In 2008, Paul Simon invited Foday to perform with him in ‘American Songs’, a weeklong musical retrospective at the Brooklyn Academy of Music. Also in 2008, Foday composed music for the acclaimed Susan Cohn Rockefeller documentary about Dr. Rick Hodes work in Ethiopia, titled ‘Making the Crooked Straight’, due to be released on HBO in 2010.
Kora Music from Gambia (Folkways, 1970)
Mandingo Griot Society (Flying Fish, 1979)
Mighty Rhythm (Flying Fish, 1982)
Hand Power (Flying Fish, 1984)
Mandingo Featuring Foday Musa Suso – Watto Sitta (Celluloid, 1984)
Sound-System, with Herbie Hancock (Columbia, 1984)
Village Life, with Herbie Hancock (Columbia, 1985)
Mansa Bendung (Flying Fish, 1986)
The Dreamtime (CMP, 1988)
Jazz Africa, with Herbie Hancock (Verve, 1985) Music from “The Screens”, with Philip Glass (Point Music, 1992)
Off World One, with Possession & African Dub (Sub Meta, 1995) Jali Kunda: Griots of West Africa & Beyond (Ellipsis Arts, 1996) Music from the Hearts of the Masters, with Jack DeJohnette (Golden Beams, 2005)
Hybrids, with Jack DeJohnette’s The Ripple Effect (Golden Beams, 2005) The Two Worlds (Orange Mountain Music, 2008)

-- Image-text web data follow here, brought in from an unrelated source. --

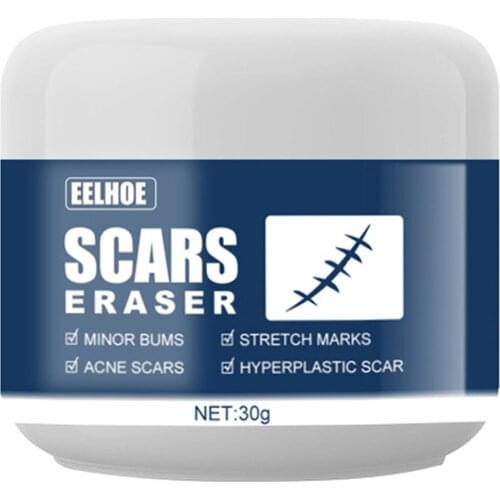 Pregnancy Body Scar Removal Cream Spots Healing Burns Scald Maternity Repair Stretch Marks Acne Treatment Pigmentation Ointment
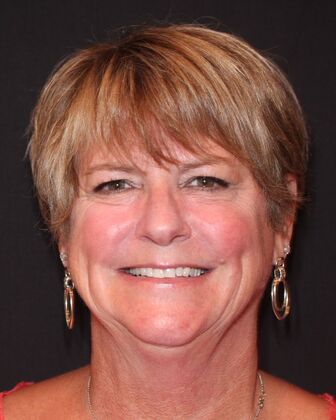 Porcelain Veneers Michelle. - Before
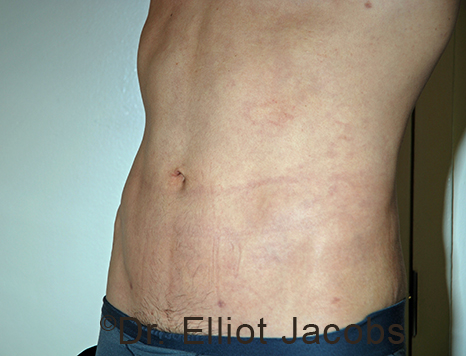 Male body, after Torsoplasty treatment, l-side oblique view, patient 30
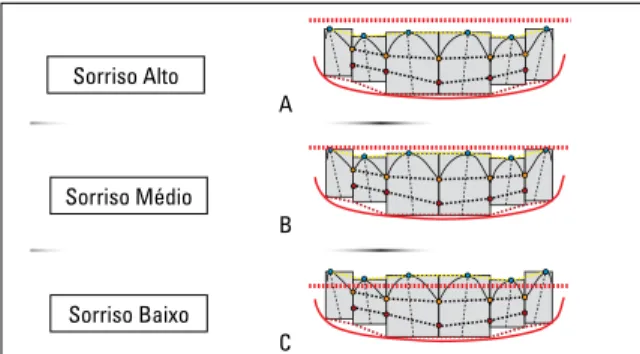 FIGURA 17 - Sorriso Alto (A); Sorriso Médio (B) e Sorriso Baixo (C).ASorriso AltoBSorriso MédioCSorriso Baixo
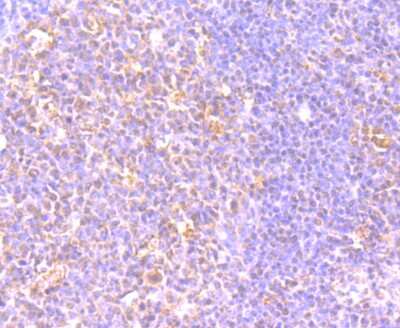 Immunohistochemistry-Paraffin: DEC-205/CD205 Antibody (JB87-35) [NBP2-75467] - Analysis of paraffin-embedded human tonsil tissue using anti-LY75 antibody. Counter stained with hematoxylin.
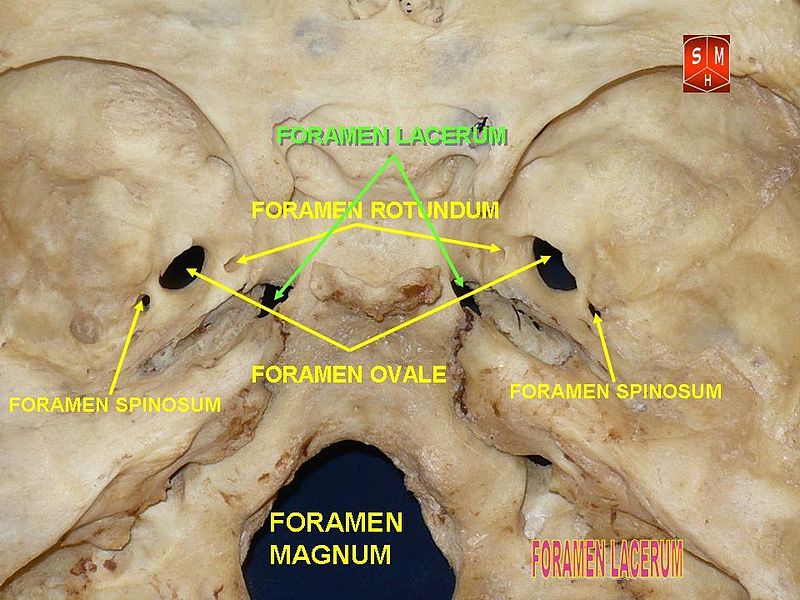 File:Mandibular Nerve.jpg - Wikimedia Commons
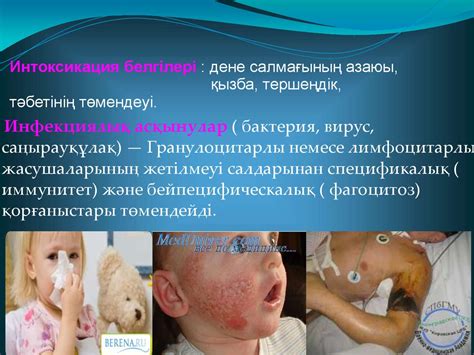 Лейкоз лейкемия (грек. leukos — ақ) - презентация онлайн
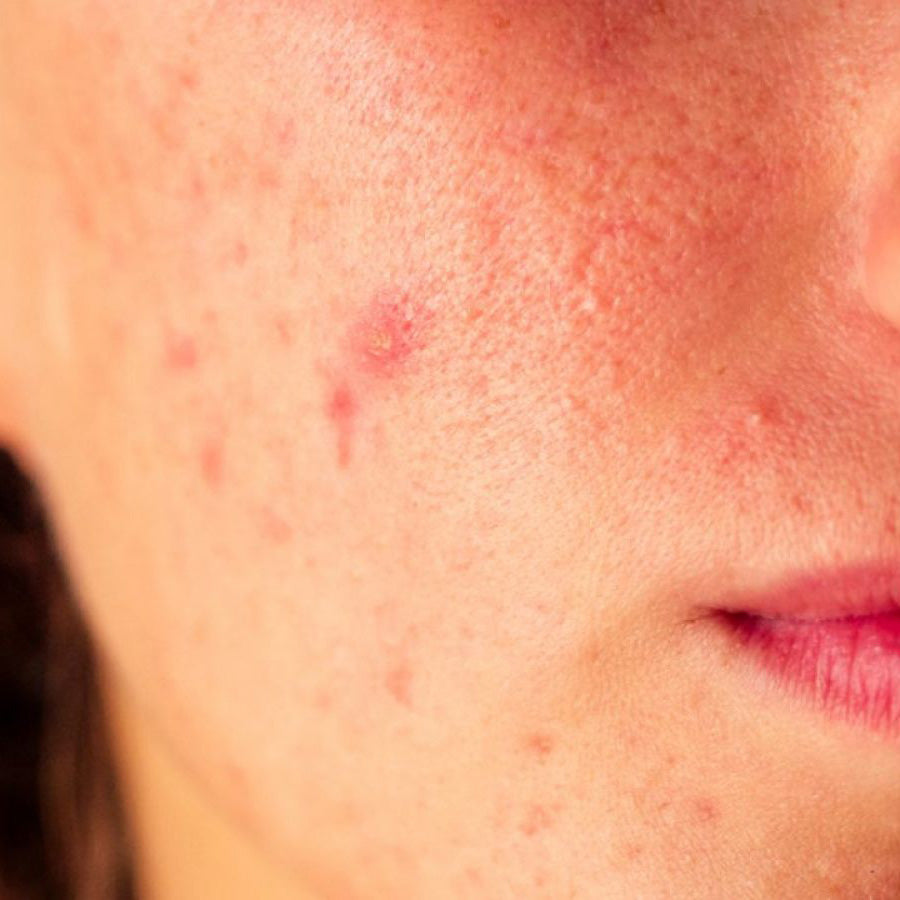Pimples & Acne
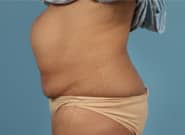 Before Image: Mesh Abdominoplasty - left-side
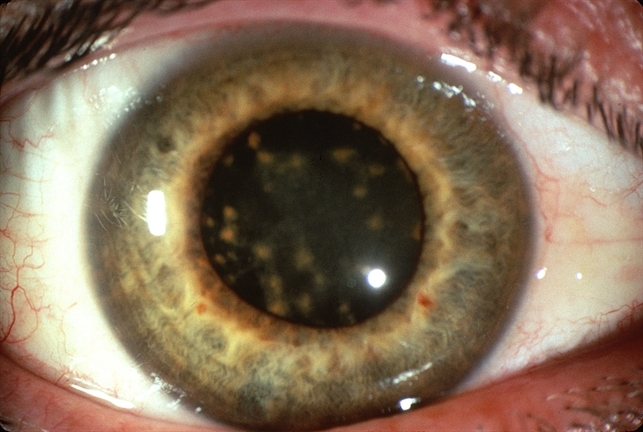 Siderosis Retina Image Bank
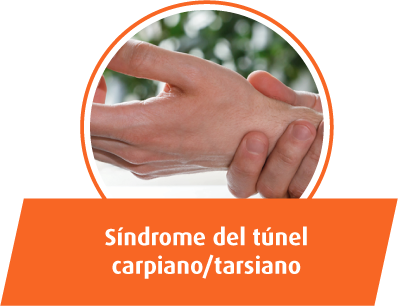 Síndrome del túnel carpiano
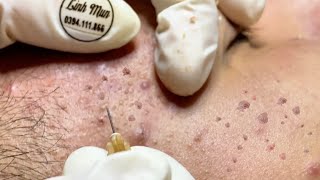 Massive Forehead Congestion Removal – Dense Comedone Extraction | Spa Linh Mun #41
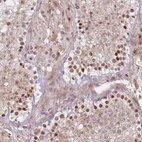Anti-ERICH6B Antibody
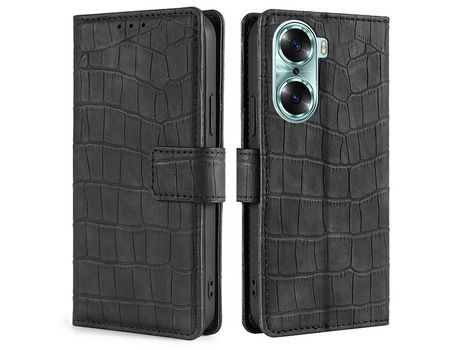 Carcasa para Honor 60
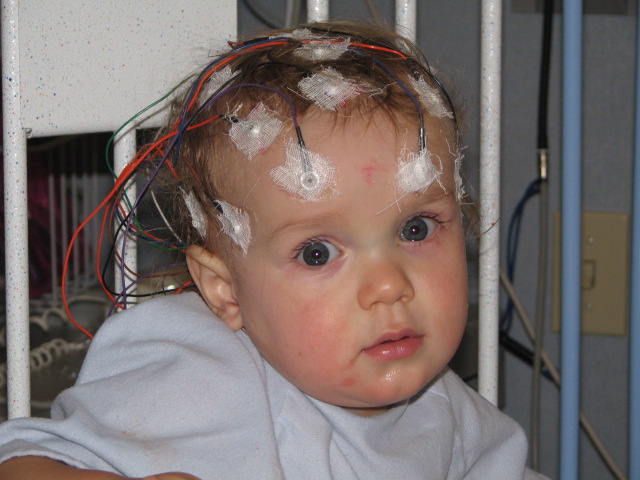 Epilepsy and Our Journey to a Diagnosis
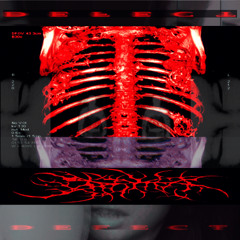 W1GOSS X TRPDVSR - HOTBOX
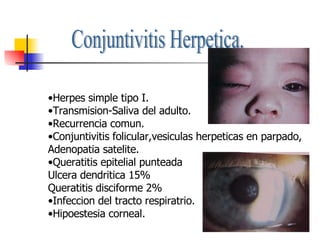 Conjuntivitis Herpetica. Herpes simple tipo I. Transmision-Saliva del adulto. Recurrencia comun. Conjuntivitis folicular,vesiculas herpeticas en parpado, Adenopatia satelite. Queratitis epitelial punteada Ulcera dendritica 15% Queratitis disciforme 2% Infeccion del tracto respiratrio. Hipoestesia corneal. 
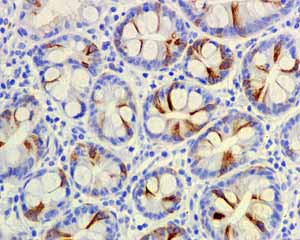 Immunohistochemistry (Formalin/PFA-fixed paraffin-embedded sections) - Anti-CD168 antibody [EPR4055] - Low endotoxin, Azide free (AB229447)
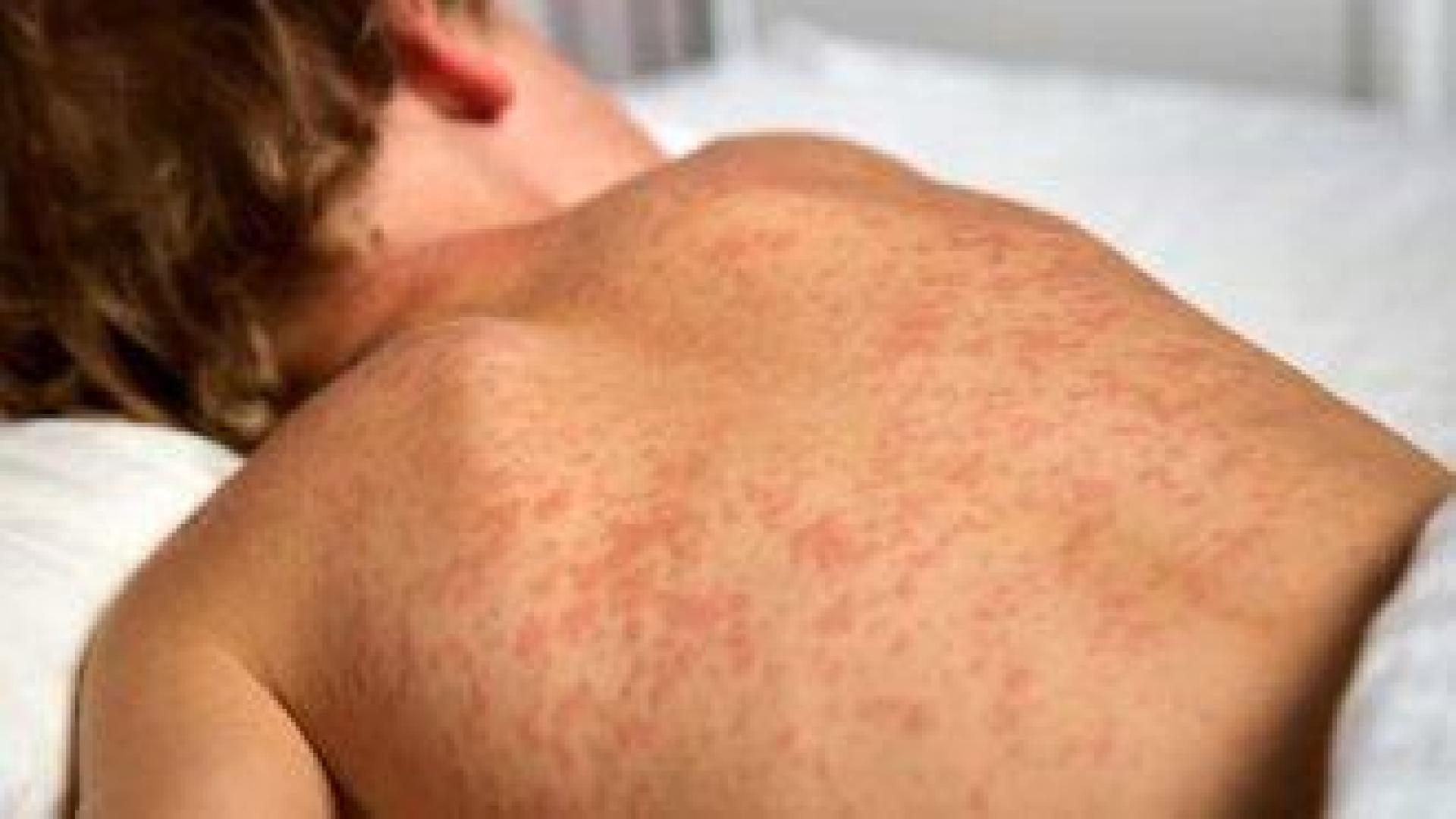 Здравните власти са регистрирали случай на морбили при дете, идващо от Англия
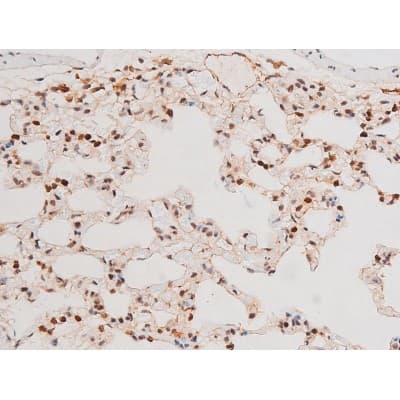 MAPK8 / JNK1 Antibody (phospho-Thr183,pTyr185)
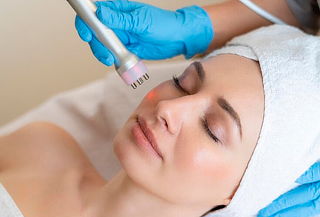 Radiofrecuencia en Rostro Completo (5 zonas)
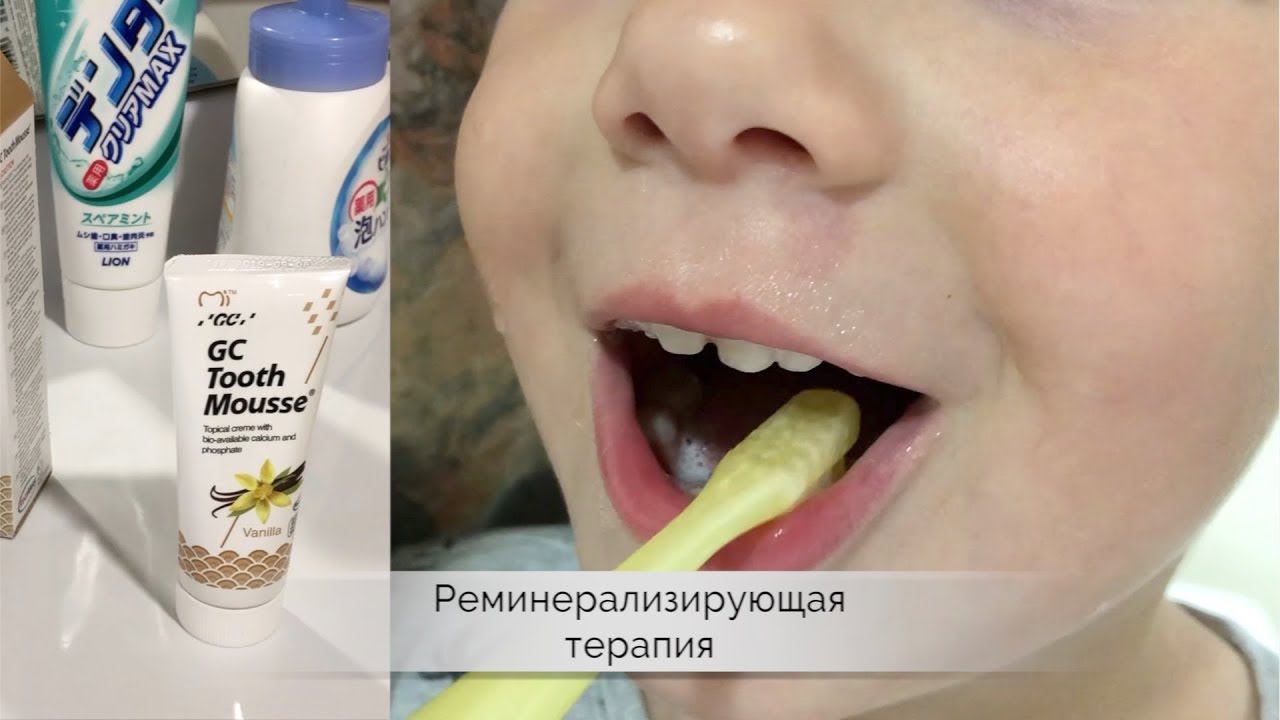 Реминерализационная терапия зубов | стоматология Самара
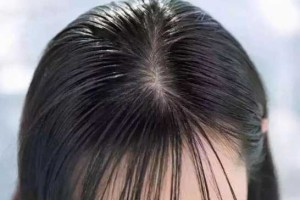 头发容易油是什么原因（为什么前面头发油后面头发不油）
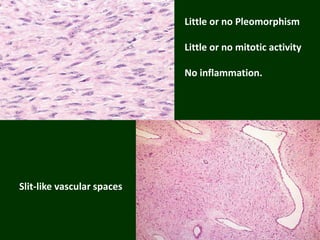 Little or no Pleomorphism
Little or no mitotic activity
No inflammation.
Slit-like vascular spaces
 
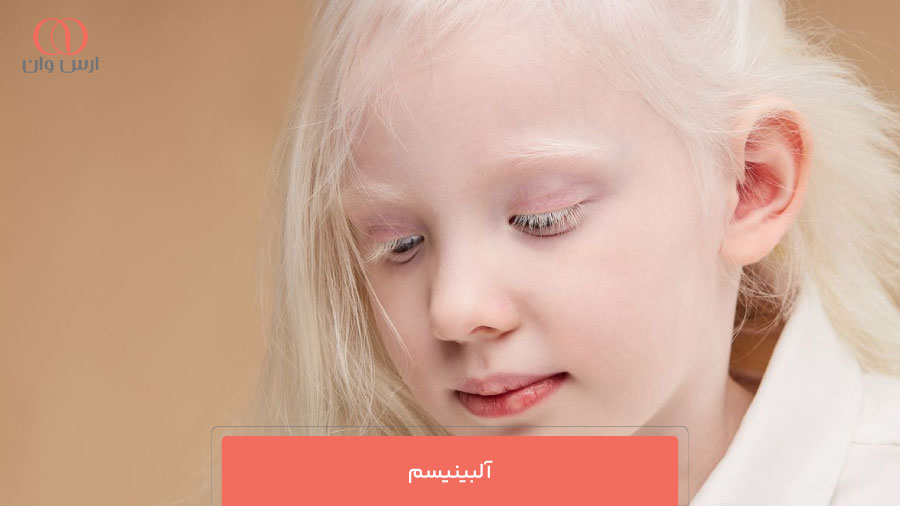 آلبینیسم (Albinism)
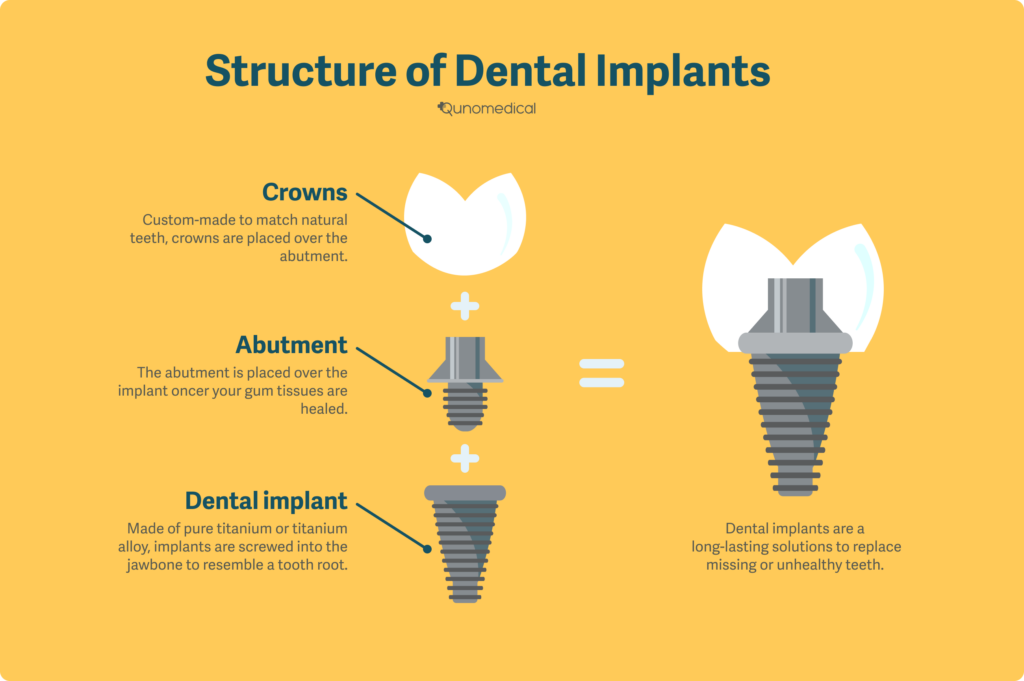 dental implant structure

Koralations: Heart to Heart, with Gretchen Rowe (2012)
Juldeh Camara is a master musician from Gambia. He was born in 1966 in Basse, Gambia. Camara is a virtuoso of the ritti, a one-stringed fiddle, and renowned griot (a West African poet and praise singer) in traditional Fula society. Juldeh has the drive and effortless flow of a great bluesman. While his instrument brings to mind Mississippi Delta players like Big Joe Williams, as well as Ali Farka Toure – one minute it’s Blues harp, the next a Celtic fiddle, then a Saharan herdsman’s flute.
Juldeh and British musician Justin Adams have been playing together since 2007, following the release of the critically acclaimed “Soul Science” in 2007 (winner of the BBC Radio 3 World Music Award in the Crossing Continents category), touring at festivals in Siberia, Mexico City, Morocco and WOMAD. The touring experience has clearly brought them closer together as musicians and added to the unique nature of their musical style.
“Tell No Lies” (2009) is another collaboration between Justin Adams & Juldeh Camara.